Il existe une opinion en faveur de l’adoption des méthodes en usage dans le privé pour assurer la bonne gouvernance dans les organismes de l’État. Est-ce la solution ?
Durant mes services dans la Fonction publique, j’ai été présent comme secrétaire à des comités ou siégeaient des représentants de l’État et du secteur prive. On discutait de la diversification afin de ne pas dépendre uniquement du sucre. On avait réussi grâce à l’apport du secteur privé. Le gouvernement de sir Seewoosagur Ramgoolam avait institué la Joint Government Private Meeting, l’ancêtre du Joint Economic Council, où siégeaient sir Maurice Paturau et l’état-major du secteur privé.

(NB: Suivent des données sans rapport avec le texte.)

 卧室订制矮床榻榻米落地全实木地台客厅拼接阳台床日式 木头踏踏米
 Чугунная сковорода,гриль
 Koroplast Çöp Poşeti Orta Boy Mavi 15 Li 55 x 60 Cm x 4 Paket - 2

Ramgoolam père choisissait les ministres pour faire partie des discussions. Parfois, tout ce monde se chamaillait mais il y avait une réelle volonté de parvenir à un consensus en dépit des divergences. SAJ défendait lui l’aspect social des dossiers, mais à la fin, le bon sens prenait le dessus. Je ne sais pas si ce genre de comité existe encore.

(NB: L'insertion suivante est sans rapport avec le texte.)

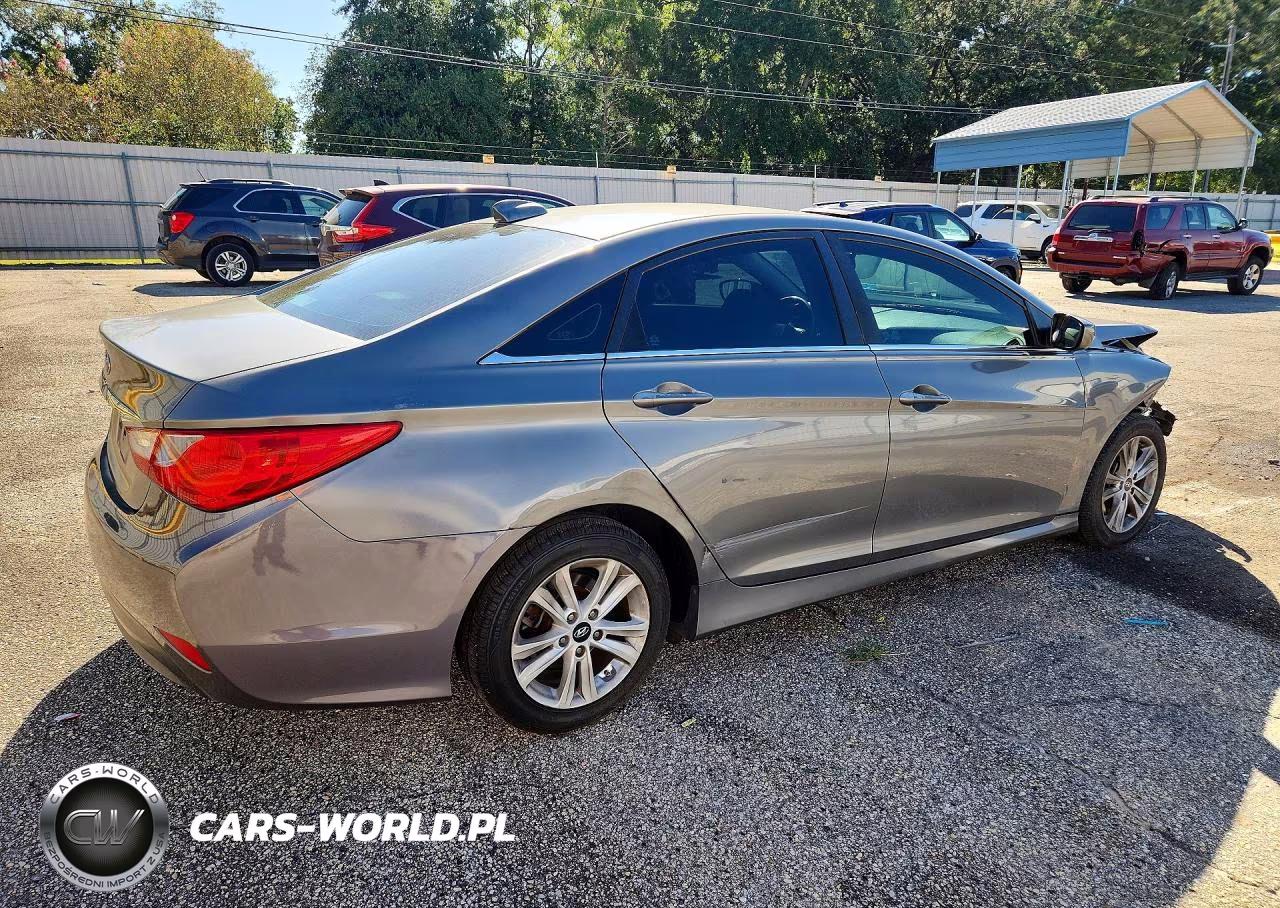 2014 Hyundai Sonata Gls VIN:5NPEB4AC1EH934792 - 3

Ou pratique-t-on la bonne gouvernance ? Dans le privé ou dans la Fonction publique ?
Le secteur public n’est pas un bloc monolithique, il est constitué de grands ministères, de divisions, de corps paraétatiques, de collectivités locales, entre autres. Ce n’est pas facile de porter un jugement. Mais, j’en reviens d’une part à la nécessité de mettre sur pied les principes de la bonne gouvernance, qui sont fondés sur la méritocratie, l’élimination de la corruption, l’honnêteté, le respect de l’environnement, le développement soutenable et, d’autre part, la recherche des compétences. Après 50 années d’indépendance, nous pouvons trouver ces deux facteurs indispensables à notre étape de développement, si on ne les a pas, ce serait dramatique.
A-t-on ces compétences ?
Tout gouvernement doit les chercher, mais s’il se complait dans ses cercles, il est voué à l’échec.
Êtes-vous pessimiste ?
Loin de là. Nous sommes fiers de ce que nous avons accompli depuis notre indépendance, nous avons su moderniser nos institutions et réussi à atteindre un certain niveau de vie. Mais aujourd’hui, les défis sont tout autre, le chef de l’État doit mettre en œuvre des réformes visibles par la population. Il lui reste deux ans pour y arriver. C’est une marge très étroite.